» Task objective
Only one stretch of the records below is wanted: the lines from the one holding "red white and" through the one holding "Delivery Elements Line Icon Set". Return it exactly, both ends included.
---------- Provided data ----------
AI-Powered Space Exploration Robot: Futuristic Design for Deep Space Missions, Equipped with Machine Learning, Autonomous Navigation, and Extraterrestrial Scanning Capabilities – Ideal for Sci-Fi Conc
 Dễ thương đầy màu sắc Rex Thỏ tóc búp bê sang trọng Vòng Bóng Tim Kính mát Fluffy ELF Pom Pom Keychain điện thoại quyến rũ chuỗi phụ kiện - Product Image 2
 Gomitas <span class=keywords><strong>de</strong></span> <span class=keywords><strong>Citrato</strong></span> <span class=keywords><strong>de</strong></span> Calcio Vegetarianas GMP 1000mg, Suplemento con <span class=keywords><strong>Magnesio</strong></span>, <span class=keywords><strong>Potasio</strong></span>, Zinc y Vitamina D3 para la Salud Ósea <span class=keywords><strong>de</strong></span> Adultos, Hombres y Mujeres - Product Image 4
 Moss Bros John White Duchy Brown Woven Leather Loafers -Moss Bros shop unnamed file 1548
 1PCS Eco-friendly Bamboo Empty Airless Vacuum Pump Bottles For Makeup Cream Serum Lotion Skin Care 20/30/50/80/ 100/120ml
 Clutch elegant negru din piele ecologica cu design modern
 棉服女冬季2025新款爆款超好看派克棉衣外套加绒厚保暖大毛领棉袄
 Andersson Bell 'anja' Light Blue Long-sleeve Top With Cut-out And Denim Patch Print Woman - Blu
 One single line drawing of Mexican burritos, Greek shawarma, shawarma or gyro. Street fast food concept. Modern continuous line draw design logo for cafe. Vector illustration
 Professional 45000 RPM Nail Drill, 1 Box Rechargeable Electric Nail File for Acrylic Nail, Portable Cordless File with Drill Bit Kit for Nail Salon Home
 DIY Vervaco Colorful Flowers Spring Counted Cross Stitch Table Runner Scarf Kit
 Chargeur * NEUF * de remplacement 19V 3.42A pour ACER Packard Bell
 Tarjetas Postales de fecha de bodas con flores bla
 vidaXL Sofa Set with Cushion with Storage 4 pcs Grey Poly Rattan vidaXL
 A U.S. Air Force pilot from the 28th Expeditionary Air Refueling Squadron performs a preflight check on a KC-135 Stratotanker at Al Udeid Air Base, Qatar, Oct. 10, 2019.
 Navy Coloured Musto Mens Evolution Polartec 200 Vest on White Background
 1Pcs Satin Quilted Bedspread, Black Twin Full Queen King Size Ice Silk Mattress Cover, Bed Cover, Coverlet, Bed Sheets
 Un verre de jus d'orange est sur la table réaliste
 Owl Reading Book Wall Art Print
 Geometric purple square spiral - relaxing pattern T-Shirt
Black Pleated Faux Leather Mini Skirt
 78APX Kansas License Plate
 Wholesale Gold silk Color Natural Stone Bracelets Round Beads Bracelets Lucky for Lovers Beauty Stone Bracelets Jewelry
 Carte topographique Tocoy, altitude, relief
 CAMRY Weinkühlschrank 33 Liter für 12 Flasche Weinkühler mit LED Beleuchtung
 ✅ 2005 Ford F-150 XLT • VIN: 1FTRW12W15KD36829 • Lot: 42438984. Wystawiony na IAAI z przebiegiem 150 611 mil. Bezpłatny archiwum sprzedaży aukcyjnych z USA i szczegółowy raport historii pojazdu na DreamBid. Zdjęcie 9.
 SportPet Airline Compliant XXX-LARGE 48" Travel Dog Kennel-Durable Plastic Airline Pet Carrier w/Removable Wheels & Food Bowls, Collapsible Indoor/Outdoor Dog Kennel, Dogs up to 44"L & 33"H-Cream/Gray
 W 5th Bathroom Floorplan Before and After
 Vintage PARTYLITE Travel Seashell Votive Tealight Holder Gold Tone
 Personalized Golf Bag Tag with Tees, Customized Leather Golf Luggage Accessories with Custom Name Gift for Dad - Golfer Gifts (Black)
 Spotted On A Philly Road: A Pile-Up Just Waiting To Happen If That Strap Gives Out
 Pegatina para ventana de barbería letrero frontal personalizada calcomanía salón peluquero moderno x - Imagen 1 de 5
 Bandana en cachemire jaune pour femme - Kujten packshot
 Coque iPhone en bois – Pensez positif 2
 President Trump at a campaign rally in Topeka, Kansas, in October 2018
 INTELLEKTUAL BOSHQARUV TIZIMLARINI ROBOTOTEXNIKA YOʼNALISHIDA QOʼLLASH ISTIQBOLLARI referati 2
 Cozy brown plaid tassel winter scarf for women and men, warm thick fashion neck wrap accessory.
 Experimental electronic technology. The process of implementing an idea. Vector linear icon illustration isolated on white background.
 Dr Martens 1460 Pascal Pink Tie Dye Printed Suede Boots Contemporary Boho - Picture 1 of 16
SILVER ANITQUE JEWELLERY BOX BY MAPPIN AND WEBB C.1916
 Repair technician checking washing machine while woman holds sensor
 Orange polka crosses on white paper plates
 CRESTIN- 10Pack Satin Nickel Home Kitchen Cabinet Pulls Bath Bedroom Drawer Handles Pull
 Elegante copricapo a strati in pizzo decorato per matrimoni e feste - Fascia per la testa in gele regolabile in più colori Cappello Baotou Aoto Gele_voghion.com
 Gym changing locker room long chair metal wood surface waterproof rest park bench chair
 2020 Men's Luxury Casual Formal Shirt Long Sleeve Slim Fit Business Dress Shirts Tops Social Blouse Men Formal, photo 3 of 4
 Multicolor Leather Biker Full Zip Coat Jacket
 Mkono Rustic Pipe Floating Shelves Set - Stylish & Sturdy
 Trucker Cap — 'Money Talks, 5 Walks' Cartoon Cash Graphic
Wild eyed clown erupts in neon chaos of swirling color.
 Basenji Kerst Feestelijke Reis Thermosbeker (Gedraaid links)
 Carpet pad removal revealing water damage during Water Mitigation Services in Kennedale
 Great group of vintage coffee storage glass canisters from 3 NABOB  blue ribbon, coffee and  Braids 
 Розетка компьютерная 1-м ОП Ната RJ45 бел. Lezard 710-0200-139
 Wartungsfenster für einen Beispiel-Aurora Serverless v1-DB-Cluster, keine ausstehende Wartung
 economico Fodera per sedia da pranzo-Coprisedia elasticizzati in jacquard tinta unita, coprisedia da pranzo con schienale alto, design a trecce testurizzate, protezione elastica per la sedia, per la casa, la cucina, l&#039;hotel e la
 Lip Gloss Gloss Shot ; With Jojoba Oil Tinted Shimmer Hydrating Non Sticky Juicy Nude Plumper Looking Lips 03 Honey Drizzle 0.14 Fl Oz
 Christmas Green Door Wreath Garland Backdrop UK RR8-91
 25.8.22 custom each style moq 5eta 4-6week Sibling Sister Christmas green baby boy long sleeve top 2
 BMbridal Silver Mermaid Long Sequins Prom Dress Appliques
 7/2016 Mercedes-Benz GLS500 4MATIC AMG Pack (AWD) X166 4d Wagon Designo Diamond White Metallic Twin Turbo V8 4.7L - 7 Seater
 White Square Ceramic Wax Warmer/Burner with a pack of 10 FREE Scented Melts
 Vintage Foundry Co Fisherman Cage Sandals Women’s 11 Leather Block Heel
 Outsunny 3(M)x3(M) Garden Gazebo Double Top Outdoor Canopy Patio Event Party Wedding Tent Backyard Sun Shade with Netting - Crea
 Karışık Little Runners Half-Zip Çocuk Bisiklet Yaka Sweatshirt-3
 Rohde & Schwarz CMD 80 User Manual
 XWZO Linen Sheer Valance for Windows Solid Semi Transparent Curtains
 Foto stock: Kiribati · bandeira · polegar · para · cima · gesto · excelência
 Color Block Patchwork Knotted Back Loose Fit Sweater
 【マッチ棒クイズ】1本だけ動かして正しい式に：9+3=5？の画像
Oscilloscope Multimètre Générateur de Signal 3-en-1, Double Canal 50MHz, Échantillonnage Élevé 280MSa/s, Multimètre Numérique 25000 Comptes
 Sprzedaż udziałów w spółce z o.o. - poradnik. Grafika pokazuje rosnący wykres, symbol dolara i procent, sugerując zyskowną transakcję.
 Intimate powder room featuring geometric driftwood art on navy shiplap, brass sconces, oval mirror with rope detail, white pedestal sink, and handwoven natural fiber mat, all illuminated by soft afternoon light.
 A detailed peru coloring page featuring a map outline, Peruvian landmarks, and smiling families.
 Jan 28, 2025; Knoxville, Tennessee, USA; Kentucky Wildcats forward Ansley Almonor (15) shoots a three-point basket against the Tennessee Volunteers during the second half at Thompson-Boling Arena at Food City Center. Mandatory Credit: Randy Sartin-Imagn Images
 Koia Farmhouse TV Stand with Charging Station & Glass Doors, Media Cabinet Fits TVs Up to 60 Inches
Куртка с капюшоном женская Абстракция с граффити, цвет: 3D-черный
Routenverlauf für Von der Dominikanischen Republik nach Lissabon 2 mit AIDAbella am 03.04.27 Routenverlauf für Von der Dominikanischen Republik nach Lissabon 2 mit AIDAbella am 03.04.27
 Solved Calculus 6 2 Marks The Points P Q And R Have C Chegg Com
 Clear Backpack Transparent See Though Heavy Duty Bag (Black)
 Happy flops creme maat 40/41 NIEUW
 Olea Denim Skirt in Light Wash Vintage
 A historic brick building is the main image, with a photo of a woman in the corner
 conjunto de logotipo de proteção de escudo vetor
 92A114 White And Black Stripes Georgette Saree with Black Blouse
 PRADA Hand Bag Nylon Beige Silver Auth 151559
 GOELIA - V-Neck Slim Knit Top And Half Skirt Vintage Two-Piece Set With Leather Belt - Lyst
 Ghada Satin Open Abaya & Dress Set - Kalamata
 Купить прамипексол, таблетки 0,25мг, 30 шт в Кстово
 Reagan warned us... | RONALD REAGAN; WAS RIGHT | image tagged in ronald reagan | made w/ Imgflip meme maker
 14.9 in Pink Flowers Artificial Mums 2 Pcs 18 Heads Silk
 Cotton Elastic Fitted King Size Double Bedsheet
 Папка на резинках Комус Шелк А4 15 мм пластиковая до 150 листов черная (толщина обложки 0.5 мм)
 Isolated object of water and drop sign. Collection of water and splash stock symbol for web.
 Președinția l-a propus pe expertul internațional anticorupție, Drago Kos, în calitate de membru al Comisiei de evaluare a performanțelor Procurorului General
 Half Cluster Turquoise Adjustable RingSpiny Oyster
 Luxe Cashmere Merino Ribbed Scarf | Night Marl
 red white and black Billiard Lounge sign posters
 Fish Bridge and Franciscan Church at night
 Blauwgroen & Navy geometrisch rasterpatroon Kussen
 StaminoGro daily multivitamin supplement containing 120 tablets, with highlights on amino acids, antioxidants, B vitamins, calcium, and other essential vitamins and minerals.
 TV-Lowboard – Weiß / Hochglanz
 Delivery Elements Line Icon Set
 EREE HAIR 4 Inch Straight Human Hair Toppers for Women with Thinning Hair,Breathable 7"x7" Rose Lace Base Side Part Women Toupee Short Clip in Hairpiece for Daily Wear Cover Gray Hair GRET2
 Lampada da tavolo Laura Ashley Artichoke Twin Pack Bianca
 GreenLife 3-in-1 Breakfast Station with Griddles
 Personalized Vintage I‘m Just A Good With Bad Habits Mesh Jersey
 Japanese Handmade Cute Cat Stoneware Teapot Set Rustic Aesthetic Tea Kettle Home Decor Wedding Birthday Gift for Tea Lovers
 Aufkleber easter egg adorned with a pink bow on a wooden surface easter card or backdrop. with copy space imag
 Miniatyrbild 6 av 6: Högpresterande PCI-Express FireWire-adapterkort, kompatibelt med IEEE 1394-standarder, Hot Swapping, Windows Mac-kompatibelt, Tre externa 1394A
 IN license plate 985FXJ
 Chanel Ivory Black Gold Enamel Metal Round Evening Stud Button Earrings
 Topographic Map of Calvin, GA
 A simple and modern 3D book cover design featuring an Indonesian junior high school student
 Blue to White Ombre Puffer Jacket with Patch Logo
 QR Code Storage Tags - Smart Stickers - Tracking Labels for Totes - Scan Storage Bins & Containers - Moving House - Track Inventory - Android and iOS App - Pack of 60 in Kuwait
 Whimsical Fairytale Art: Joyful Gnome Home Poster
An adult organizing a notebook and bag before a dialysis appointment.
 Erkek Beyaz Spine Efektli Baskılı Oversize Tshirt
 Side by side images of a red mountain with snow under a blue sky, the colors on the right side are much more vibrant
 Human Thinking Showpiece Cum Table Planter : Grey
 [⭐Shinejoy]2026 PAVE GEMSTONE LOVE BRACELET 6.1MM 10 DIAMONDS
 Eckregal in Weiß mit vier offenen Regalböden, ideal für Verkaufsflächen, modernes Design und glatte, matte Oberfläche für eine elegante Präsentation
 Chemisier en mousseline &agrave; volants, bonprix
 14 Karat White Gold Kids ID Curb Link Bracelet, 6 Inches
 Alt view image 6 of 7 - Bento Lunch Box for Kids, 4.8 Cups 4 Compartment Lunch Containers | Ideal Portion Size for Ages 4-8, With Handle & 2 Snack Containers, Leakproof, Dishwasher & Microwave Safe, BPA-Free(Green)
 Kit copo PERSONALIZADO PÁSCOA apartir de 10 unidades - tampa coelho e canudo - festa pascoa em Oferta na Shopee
----------
» Answer space
 red white and black Billiard Lounge sign posters
 Fish Bridge and Franciscan Church at night
 Blauwgroen & Navy geometrisch rasterpatroon Kussen
 StaminoGro daily multivitamin supplement containing 120 tablets, with highlights on amino acids, antioxidants, B vitamins, calcium, and other essential vitamins and minerals.
 TV-Lowboard – Weiß / Hochglanz
 Delivery Elements Line Icon Set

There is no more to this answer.